Wettbewerbsfähigkeit zurückholen

China dominiert den EV-Markt mit einem Wachstum von 40 Prozent in 2024, während Europa als einziger grosser Markt sinkende EV-Verkäufe verzeichnet. Gleichzeitig profitieren asiatische Hersteller vom Hybrid-Boom mit einem Plus von 20 Prozent. «China investiert Milliarden, die USA schützen ihre Märkte – doch Europa setzt auf Strafzahlungen statt gezielter Förderung. Das ist nicht nachhaltig,» warnt Jan Möllmann.

Ein 10-Punkte-Plan für Europas Autoindustrie soll verlorene Wettbewerbsfähigkeit zurückholen: Dazu zählen gezielte Investitionen in Batterie- und Ladeinfrastruktur, eine schlanke Modellpalette sowie stärkere internationale Zusammenarbeit. Erfolgsmodelle wie China (231 Milliarden US-Dollar Förderung), Norwegen (flächendeckende Ladeinfrastruktur) und Tesla (Technologieführerschaft mit wenigen, effizienten Modellen) zeigen den Weg. Jetzt brauche es Industriepolitik, die Innovation und Produktion gezielt stärkt, um Europa als Automobilstandort zu sichern, so Allianz Trade.

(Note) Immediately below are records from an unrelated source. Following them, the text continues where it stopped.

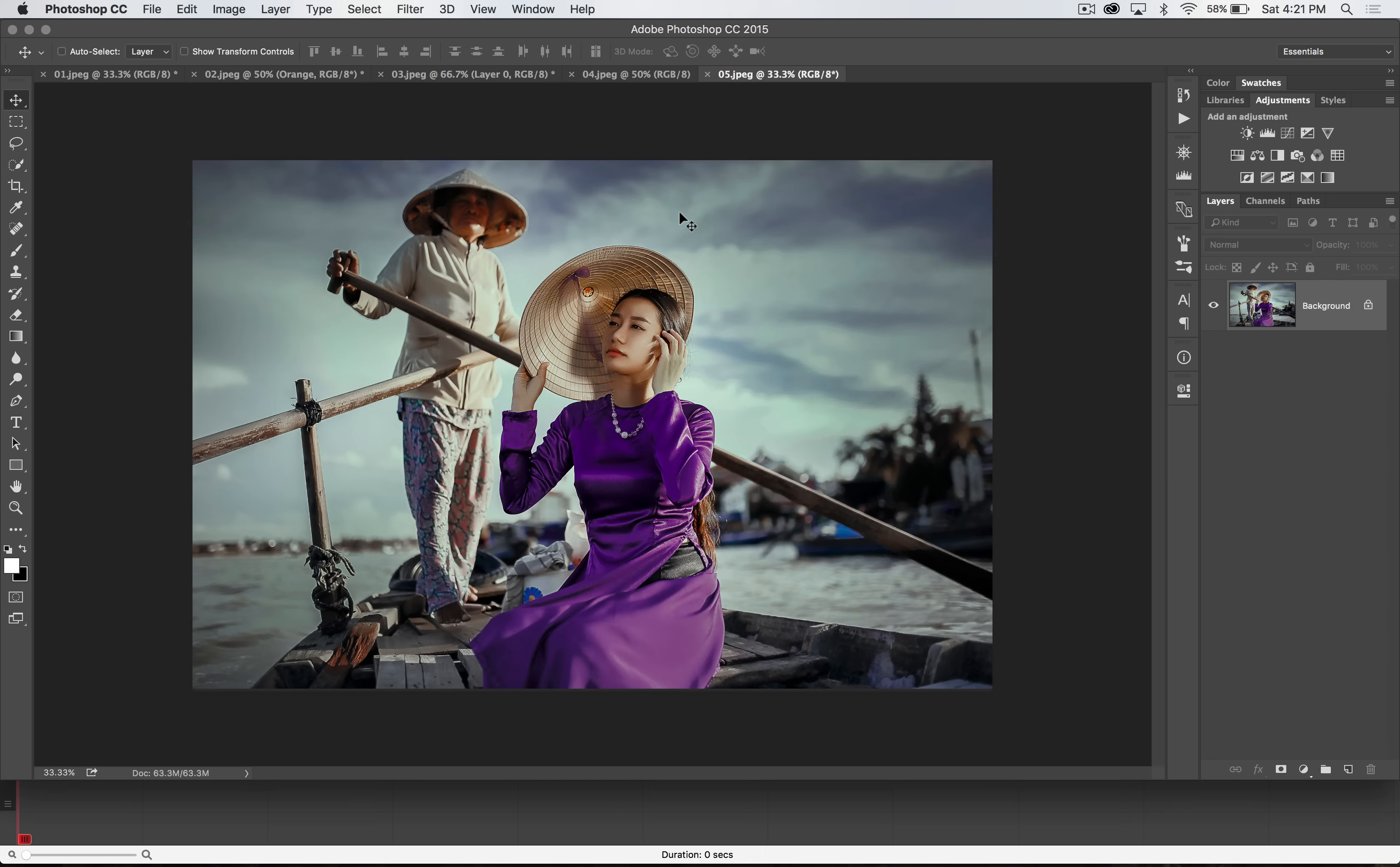Welcome to this Photoshop in 30 seconds tutorial. Well, 30 seconds or so because today we're going to talk about the slice tool. And there's a lot you can do with the slice tool, so it might be a little bit longer than that.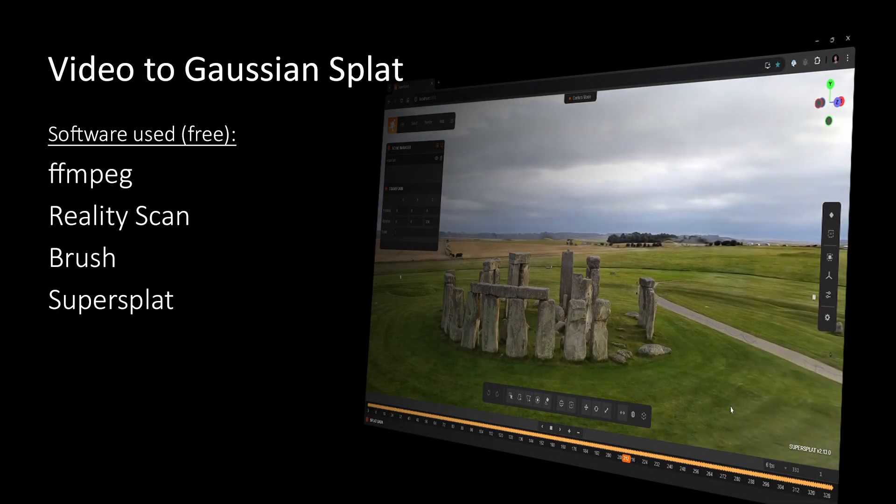Hi! It's been a while since my last tutorial. This time I will show a simple way of getting from normal video footage to a 3D Gaussian splat. Beyond that, I want to render the original camera path using SuperSplat.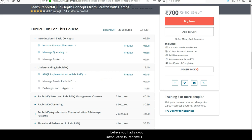I believe you got a good introduction to RabbitMQ shovels. Thanks for watching this video. Take care.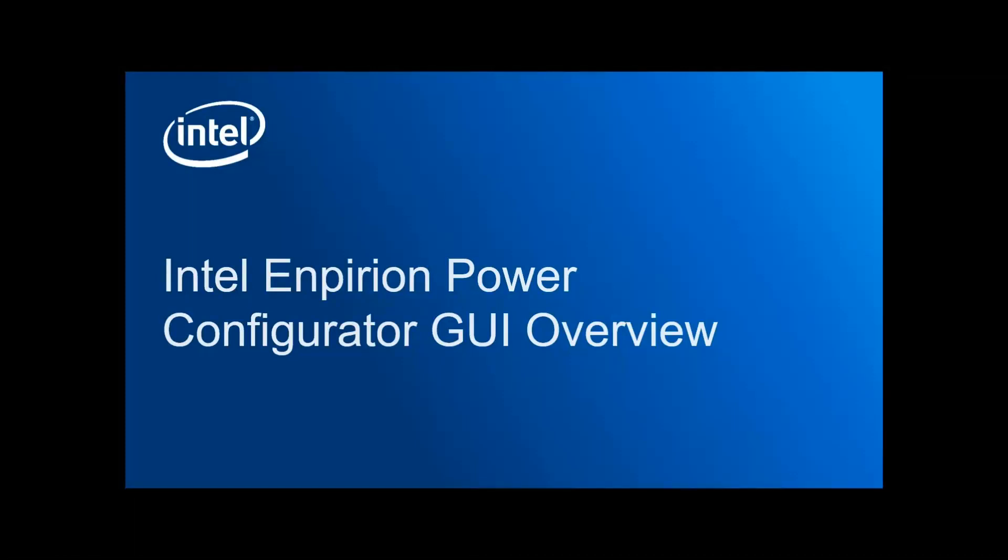Welcome to a quick overview of the Intel Empyrean Power Configurator Graphical User Interface. The GUI supports the EM21 and EM22 families of Power SoC devices, as well as the new ED8401 family of multi-phase controllers. The GUI allows full access to the device's features using PMBus interface.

Mehr forschen und investieren

Europäische Autobauer müssen ihre Modellpalette auf fünf bis sechs wettbewerbsfähige Hybrid- und Elektrofahrzeuge reduzieren und stärker in Batterieproduktion und Ladeinfrastruktur investieren, um die Abhängigkeit von China zu verringern. Mindestens zehn Prozent des Umsatzes sollten in Forschung und Entwicklung fliessen, während neue Märkte wie Indien, Vietnam und Südamerika Wachstumspotenzial bieten, so die Allianz-Experten.

Parallel dazu brauche es politische Massnahmen: 40 bis 50 Prozent Zölle auf Importe mit weniger als 75 Prozent europäischem Produktionsanteil könnten zwei Milliarden Euro jährlich einbringen. Ein Investitionspaket von 150 bis 200 Milliarden Euro für Ladeinfrastruktur sowie eine 15-Prozent-Kaufprämie für E-Autos unter 45’000 Euro mit europäischer Wertschöpfung sollen die Elektromobilität vorantreiben, ist die Allianz überzeugt. Zusätzlich sollten fünf Prozent des EU-Horizon-Programms für Batterieforschung, autonomes Fahren und Recycling genutzt werden, um Europas Innovationskraft langfristig zu sichern.

Am Wendepunkt

Die europäische Automobilindustrie steht an einem historischen Wendepunkt. Ohne gezielte Reformen droht der Marktanteil weiter zu schrumpfen, während China und die USA ihre Führungspositionen ausbauen. «Europa muss wieder selbst die Kontrolle übernehmen. Mit dem richtigen Mix aus Innovation, strategischer Investition und industriepolitischer Unterstützung kann der Automobilstandort Europa nicht nur überleben, sondern florieren,» so Möllmann. (pd/hzi/bdw)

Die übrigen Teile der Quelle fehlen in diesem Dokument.